Ce chapitre s’intéresse à la qualité de la conception d’une base de données relationnelle. Elle doit éviter dans la mesure du possible tout forme de redondance dans l’enregistrement des données. En effet, la redondance entraine des anomalies lors de la modification des données, qui conduisent à une incohérence des données stockées. De plus la redondance augmente fortement la taille des données stockées, ce qui peut fortement pénaliser les performances de la base.
L’analyse d’un modèle de données va reposer sur la notion de dépendance fonctionnelle entre les attributs du modèle.
Une analyse de ces dépendances fonctionnelles va conduire à préciser des formes particulières d’une base de données, appelées formes normales.
Dépendances fonctionnelles
Modèle et schéma de base
On regarde un modèle de données, constitué d’un certain nombre d’attributs, qui suivent certaines contraintes provenant de la réalité des données décrites.
On aura à envisager différentes instances envisageables de ce modèle, correspondant à différents moments de l’histoire, passés, futurs ou simplement envisageables.
On va réaliser ce modèle par un schéma de base de données, qui décrit une structure de tables, comme par exemple :
Realisateurs (idR, nom, prenom, sexe, anN, pays)

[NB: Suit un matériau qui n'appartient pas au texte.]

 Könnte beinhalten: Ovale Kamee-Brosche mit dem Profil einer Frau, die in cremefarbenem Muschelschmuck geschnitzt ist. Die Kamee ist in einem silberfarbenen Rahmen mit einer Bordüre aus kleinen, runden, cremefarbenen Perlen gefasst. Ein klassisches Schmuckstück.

Films (idF, titre, type, anR, idR)
Pour chaque instance du modèle, on obtiendra ainsi plusieurs tables effectives, comme
idR | nom | prenom | sexe | anN | pays |
---|---|---|---|---|---|
1 |
Eastwood |
clint |
M |
1930 |
US |
2 |
Hitckock |
Alfred |
M |
1899 |
GB |
et
idF | titre | type | anR | idR |
---|---|---|---|---|
1 |
Psychose |
horreur |
1960 |
2 |
2 |
La corde |
policier |
1948 |
2 |
3 |
Impitoyable |
western |
1992 |
1 |
Si on modifie ces données, on obtient une nouvelle instance du même schéma.
Dépendances fonctionnelles
On considère un modèle avec des attributs a1, … , an, et on notera A l’ensemble de tous ces attributs { a1, … an}
Pour un enregistrement t, on note a1(t), … , an(t) les valeurs de ces attributs pour l’enregistrement t.
On peut aussi considérer un sous-ensemble X de A constitué d’un certain nombre d’attributs, et regarder de même l’ensemble X(t) constitué des valeurs en t des attributs contenus dans X.
Si X et Y sont deux ensembles d’attributs de A, on dit qu’il y a une dépendance fonctionnelle de X vers Y, qu’on note X → Y, si pour toute instance du modèle, et tout couple d’enregistrements s,t, tels que X(s) = X(t), on a Y(s) = Y(t).
Clés
Un sous-ensemble C de l’ensemble d’attributs A du modèle est une clé candidate si
-
Pour tout attribut a qui n’est pas dans C, alors C → a.
-
Aucun sous-ensemble strict de C ne vérifie la première propriété.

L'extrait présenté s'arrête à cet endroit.